* _About this exercise_:
Pictures aside, the output must consist of the lines from the one containing "and use Panels to control the node template." through the end of the data, reproduced exactly.

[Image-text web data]
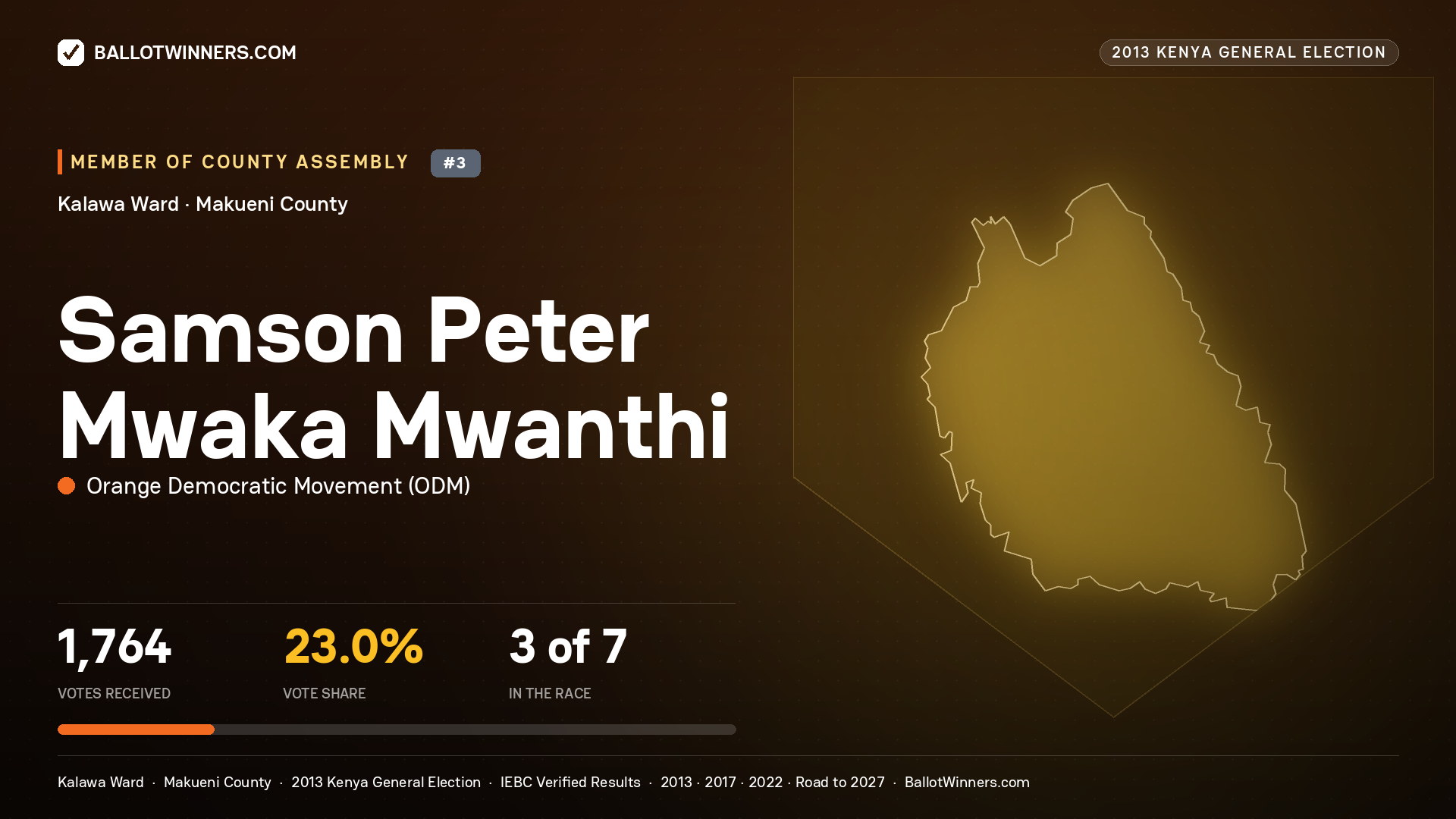 SAMSON PETER MWAKA
MWANTHI, contested Member of County Assembly for KALAWA, 1,764 votes, 2013 Kenya general election.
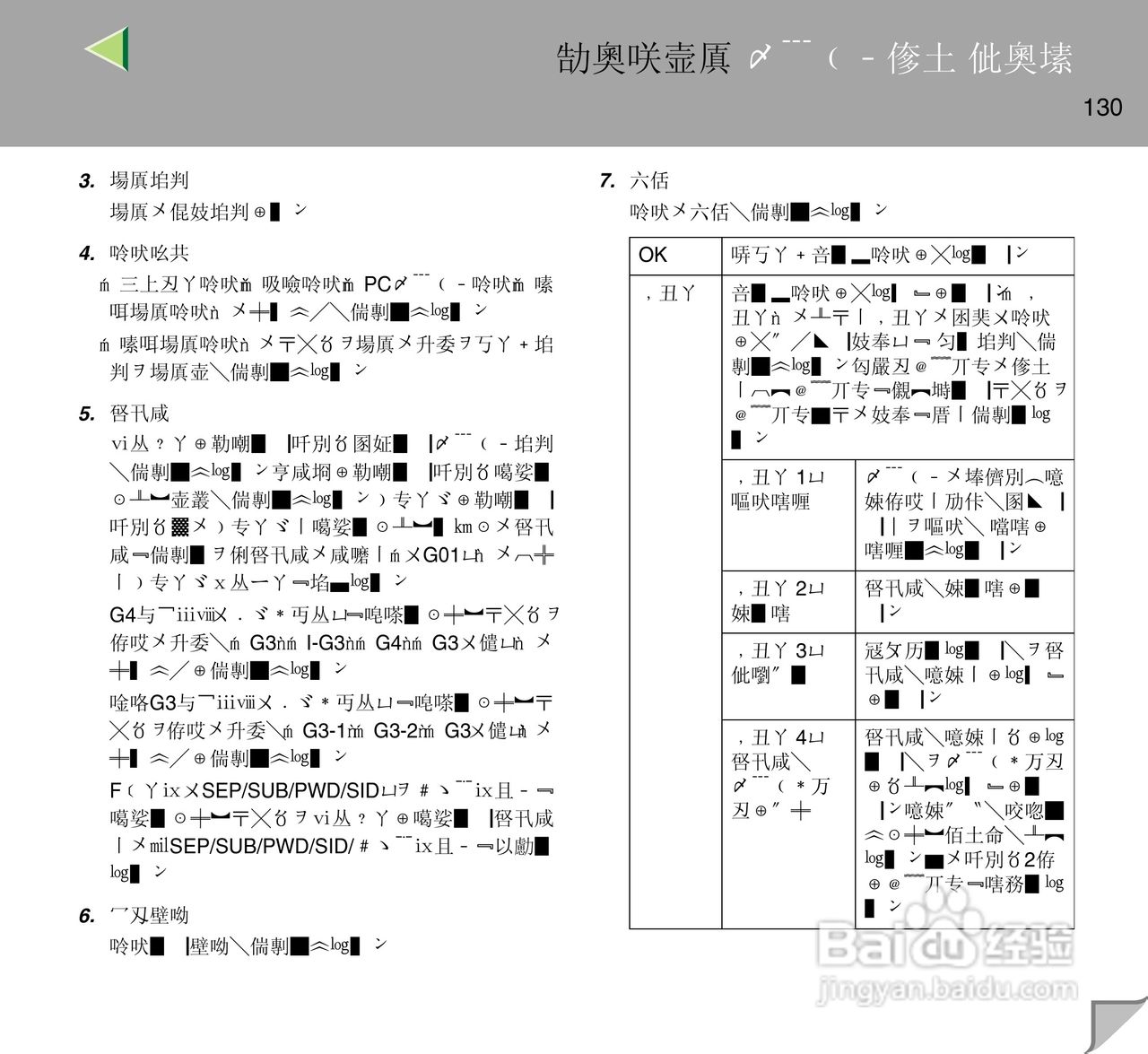IPsio color8150彩色激光打印机使用说明书:[13]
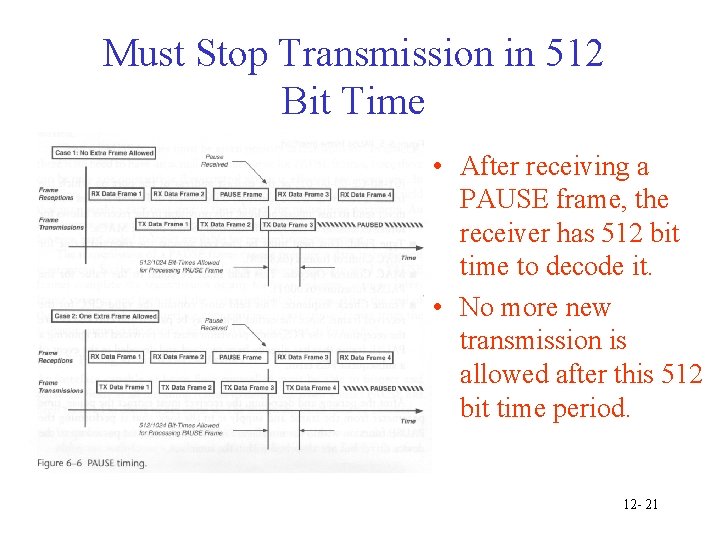 Must Stop Transmission in 512 Bit Time • After receiving a PAUSE frame, the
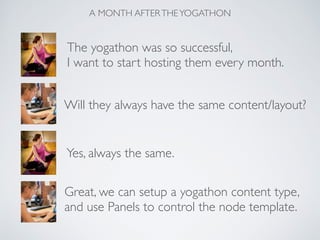 The yogathon was so successful, 	

I want to start hosting them every month.
Will they always have the same content/layout?
Yes, always the same.
Great, we can setup a yogathon content type, 	

and use Panels to control the node template.
A MONTH AFTERTHEYOGATHON
 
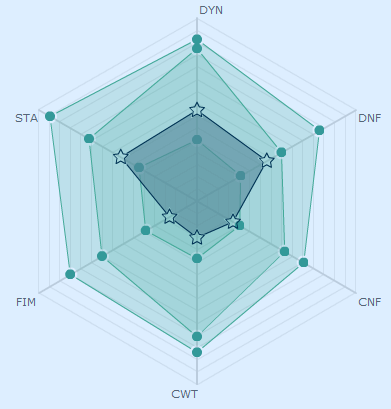 pbradar2.gif
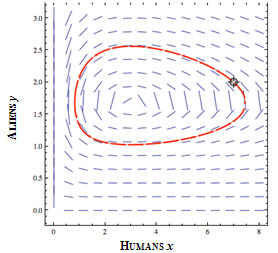 graph illusrating narrative at right 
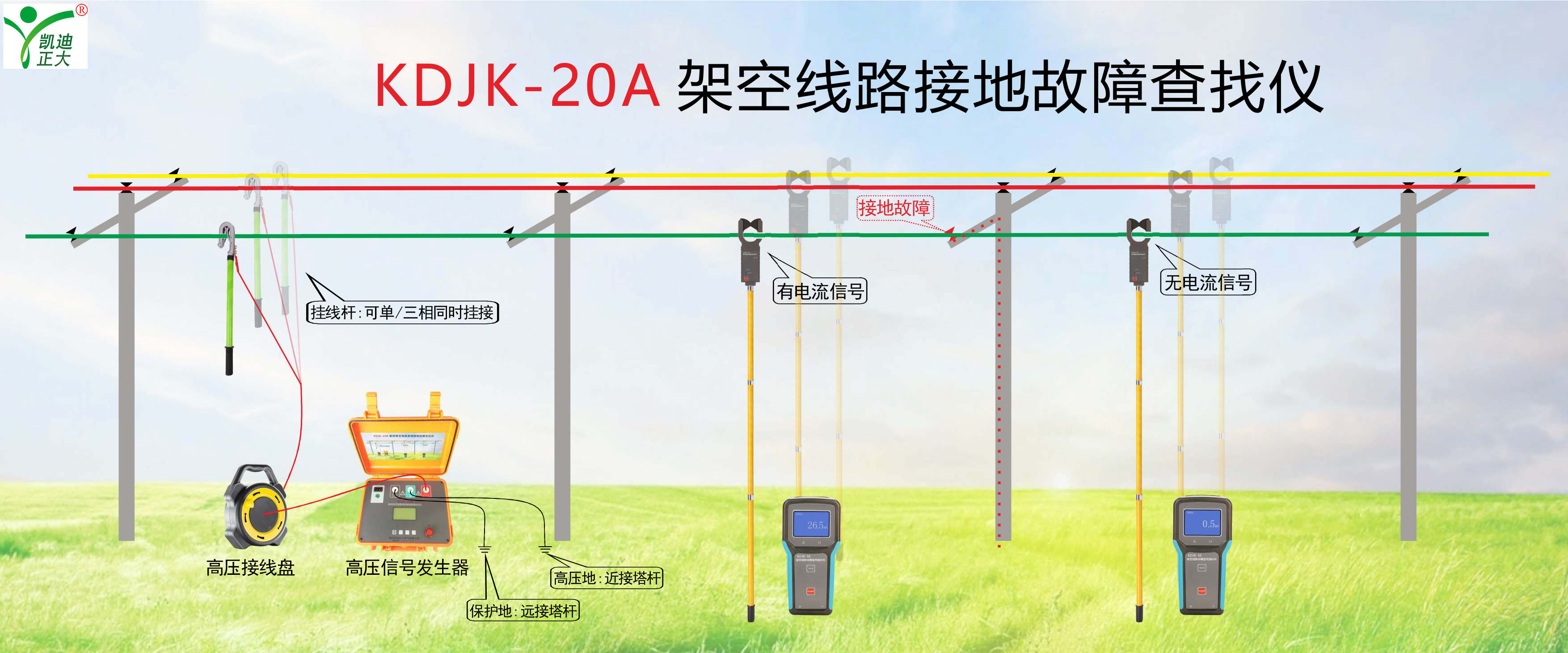 鋼！鋼！鋼！東方特鋼再次選擇我司電能質量分析儀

* _Expected output_:
and use Panels to control the node template.
A MONTH AFTERTHEYOGATHON
 
 pbradar2.gif
 graph illusrating narrative at right 
 鋼！鋼！鋼！東方特鋼再次選擇我司電能質量分析儀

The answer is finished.